Fewer than a dozen cases were reported in Utah this past winter. Intermountain Healthcare does track RSV on its Germ Watch website, and has recorded almost 70 cases in the past six weeks, peaking at 30 in last week of May.
(That’s not everyone who has a cold, obviously, it’s just the patients who test positive for RSV.)
That’s not a lot — there are 300-500 cases a week during a typical Utah winter — but “it’s very unusual to see that much in summer,” Pavia said. “We suspected we might be on the verge of having things take off.”
But then the numbers dropped back to 10 and 15 in the past two weeks.
“It hasn’t exploded, but it’s out there and smoldering around,” Gesteland said. Intermountain has hospitalized a number of young kids and even some a bit older with a virus not normally seen in the heat of summer.
“These are pretty low numbers and not showing any sort of big surge,” Pavia said, “but something is going on with RSV that bears careful watching.”
All the more so because RSV is a “moderately predictable” virus, unlike the flu.
“In Utah, it comes pretty predictably around the first week of December,” Pavia said. “Some years are bad and some years are worse, but it’s pretty predictable that it will show up, last eight to 12 weeks and start going away. So this is a very unusual situation for the world to be looking at RSV without the ability to predict when it’s going to show up.”
Twice as many susceptible babies
Whether cold season returns to Utah early this year or not, when it does arrive doctors expect it to be harder than usual on the state’s youngest residents. Every year, new babies are susceptible to RSV. And because there was virtually no RSV spread in the past year, babies who would normally have been exposed weren’t.
“If they don’t get exposed to it for an entire season,” Gesteland said, “you just build up the size of that pool of kids that are going to be susceptible.”
So, theoretically, there could be twice as many susceptible and twice as many hospitalizations as in a normal year.
Most people get RSV when they’re babies and “start to develop some immunity that makes it less severe,” Pavis said. “And then you get it over and over again, and you develop more immunity. Well, now we have a group of kids who have no immunity to it and may get sicker than we’d expect 1-year-olds and 2-year-olds to get.”
Gesterland agreed that’s a possibility.
“We don’t know,” he said. “But normally, if you’ve had it before, it’s not as bad. So older kids and adults just get a nasty head cold and sometimes a chest cold, but normally don’t get all that sick from it.”

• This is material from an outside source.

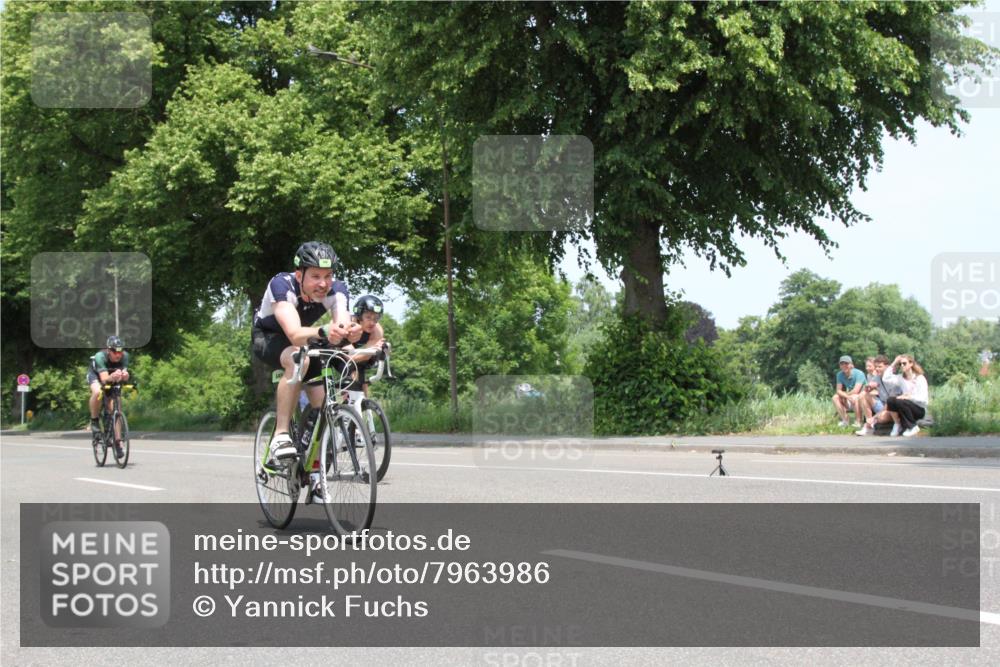 15.06.2025 - 7 Türme Triathlon Yannick Fuchs http://msf.ph/oto/7963986 15.06.2025 12:54:32 Radfahren  meine-sportfotos.de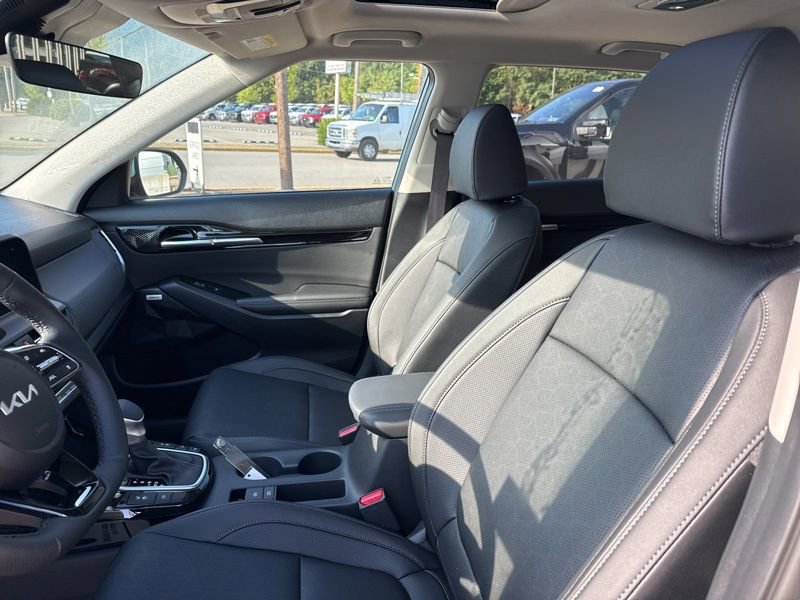 New 2026 Kia Seltos SX w/ SX Sunroof Package image 22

While immunity to RSV fades over time — that’s why you keep catching colds year after year — the fact that most people haven’t been exposed to it in the past year won’t necessarily make their next cold worse than their last one.

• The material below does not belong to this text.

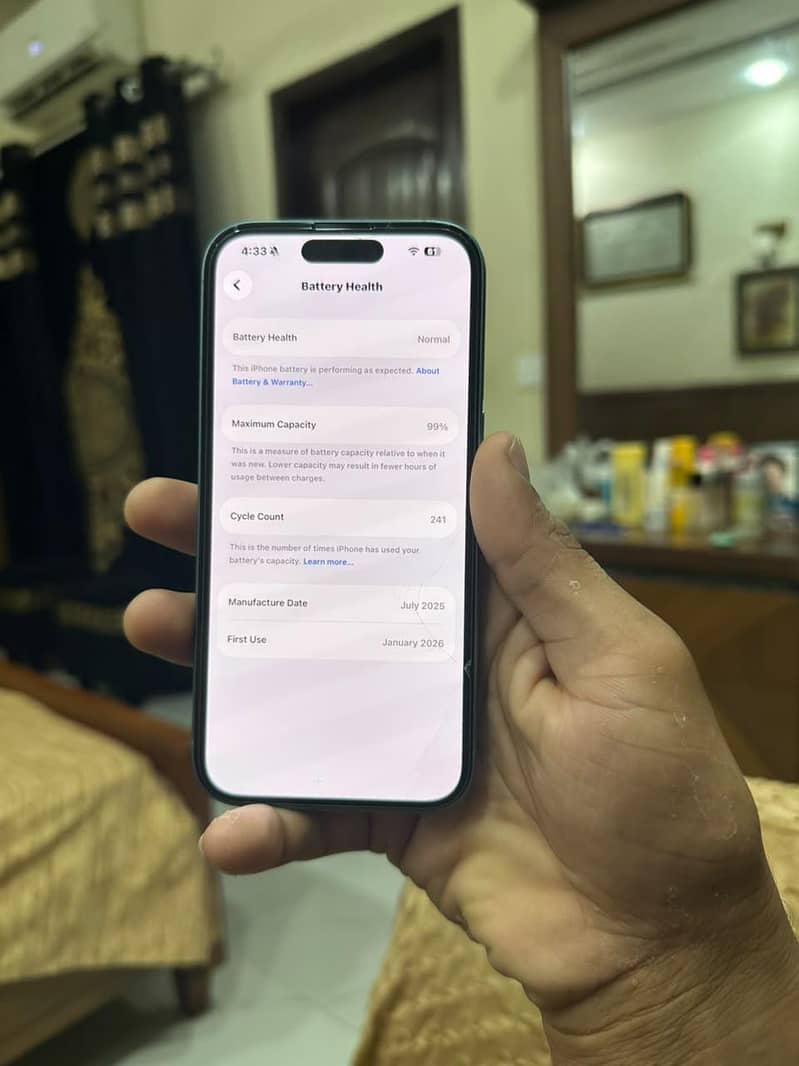 Apple iPhone 16 3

“We just don’t see hospitalizations due to RSV in people older than 5 who have a functioning immune system until they start to get quite aged,” Pavia said, adding that those ages 75 or older were at some risk.

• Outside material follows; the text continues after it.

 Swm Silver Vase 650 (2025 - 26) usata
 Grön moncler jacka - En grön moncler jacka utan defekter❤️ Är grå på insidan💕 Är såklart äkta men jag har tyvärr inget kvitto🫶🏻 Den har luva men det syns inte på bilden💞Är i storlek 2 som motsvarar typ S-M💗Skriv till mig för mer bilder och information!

Others who are at risk include those who have had organ transplants, or patients who are on medications that suppress the immune system or some types of cancer therapies.
Don’t let your guard down
The medical advice when it comes to colds hasn’t changed — wash your hands, sneeze into your elbow and keep away from other people if you’re feeling ill.
Gesteland advised parents of newborns and young children to be on the lookout for any signs of breathing troubles or dehydration. “And check in with your pediatrician if you’re concerned about those things.
“It would be a real shame to go through a whole COVID pandemic only to get really sick from RSV at the tail end when we let our guard up a little bit.”